FBME, CRDB and NMB have maintained
their position as the three largest banks by assets in the country, with
48 per cent of the total assets of the industry.
They have maintained the position in
2010 and 2011, according to the Tanzania Banking Survey 2012.
This
means the overall banking industry assets of 18tri/- is more than the
15tri/ of the government’s budget in the current fiscal year.
The Survey shows that standing on top,
FBME remained the largest bank with assets of 3.7trln/- followed by CRDB
with 2.7trln/- and NMB coming third with 2.15trln/-.
The Survey gives
further insight, noting that all banks, except Commercial Bank of Africa
and Mwanga Rural Community Bank, grew their assets.
The survey shows that the next seven
largest banks had 33 per cent of the industry’s assets while the
remaining 35 banks held the other 19 per cent of the total assets.
The
next seven largest banks by asset are NBC, Standard Chartered Bank, Exim
Bank, Stanbic, Citibank, Barclays bank and Diamond Trust Bank.
The Survey also shows the three largest
banks by assets also having had more than half of the industry’s
deposits and government securities in 2011.
“However, they lost market
share in the number of branches from 54 per cent to 42 per cent, and
employees from 50 per cent to 38 per cent, mostly to smaller 35 banks,”
it notes.
For the smaller banks, it adds that they
expanded their market share of the industry’s total capital, from 19
per cent to 26 per cent and loans from 20 per cent to 23 per cent.
Good
news, it adds, is that the country’s banking sector performed better in
2011 compared to the previous year, with profit margins having increased
by two per cent points from 19 per cent to 21 per cent as a result of
the increase in interest income.
Selected industry rations show that
banks did more lending in 2011 with loan to deposit ratio increasing
from 47 per cent to 52 per cent.
However, the share of deposits invested
in government securities fell from 19 per cent to 14 per cent.

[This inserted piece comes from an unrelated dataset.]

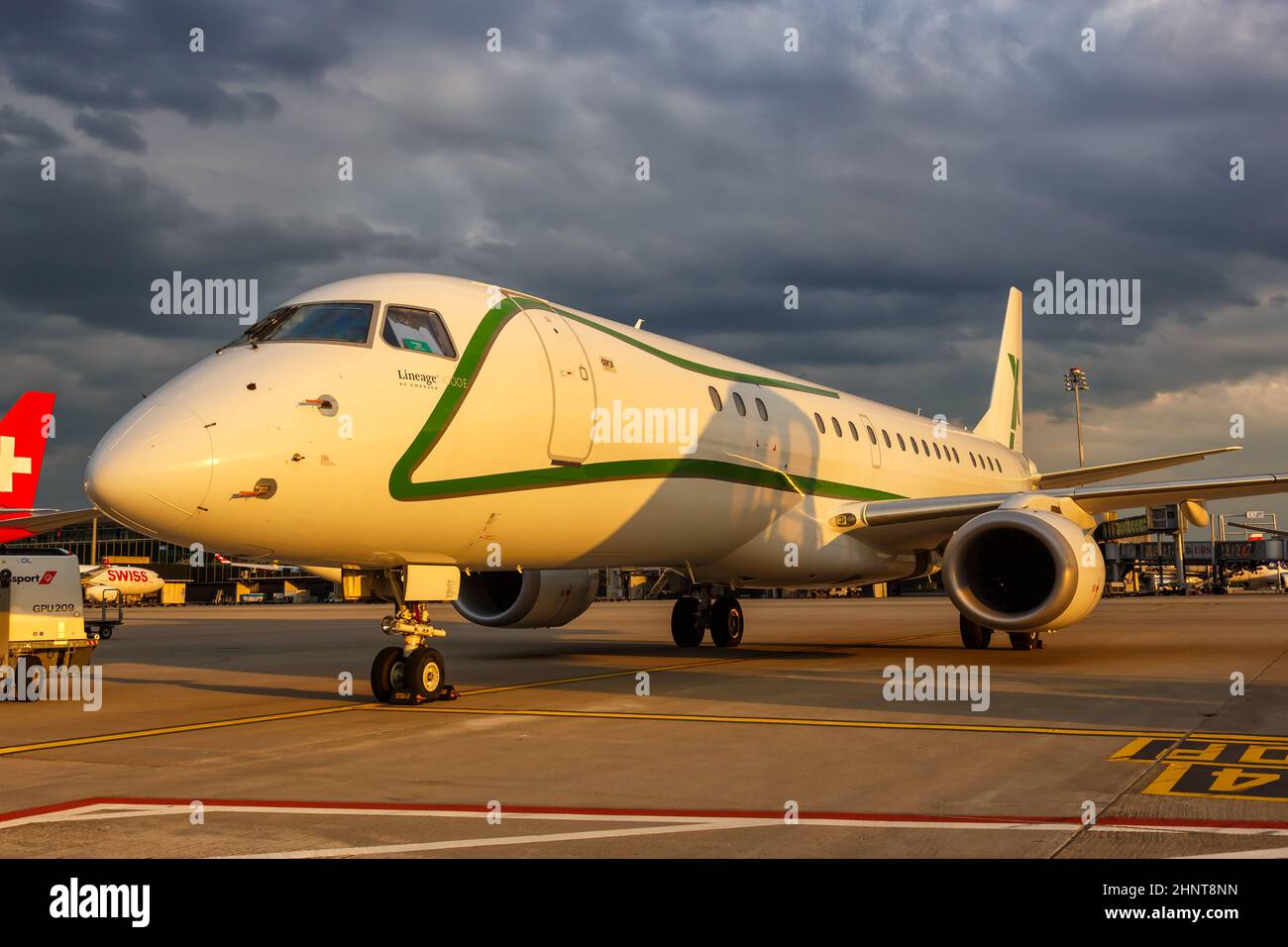 Airx Charter Embraer Lineage 1000 avion aéroport de Zurich en Suisse Banque D'Images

The
survey however shows that while it was a sizeable reduction of 5 per
cent, it may not reflect an overall strategic shift in the industry.
“Closer analysis shows that by pulling
out some 269bn/-, NMB alone accounted for 84 per cent of the 321bn/-
decline in the banking sector’s holdings of government securities.
It
goes on to show that even as lending by banks expanded, the bad debt
provisions as a percentage of total lending fell from 0.9 per cent at
the beginning of the year to 0.4 per cent by the year’s end.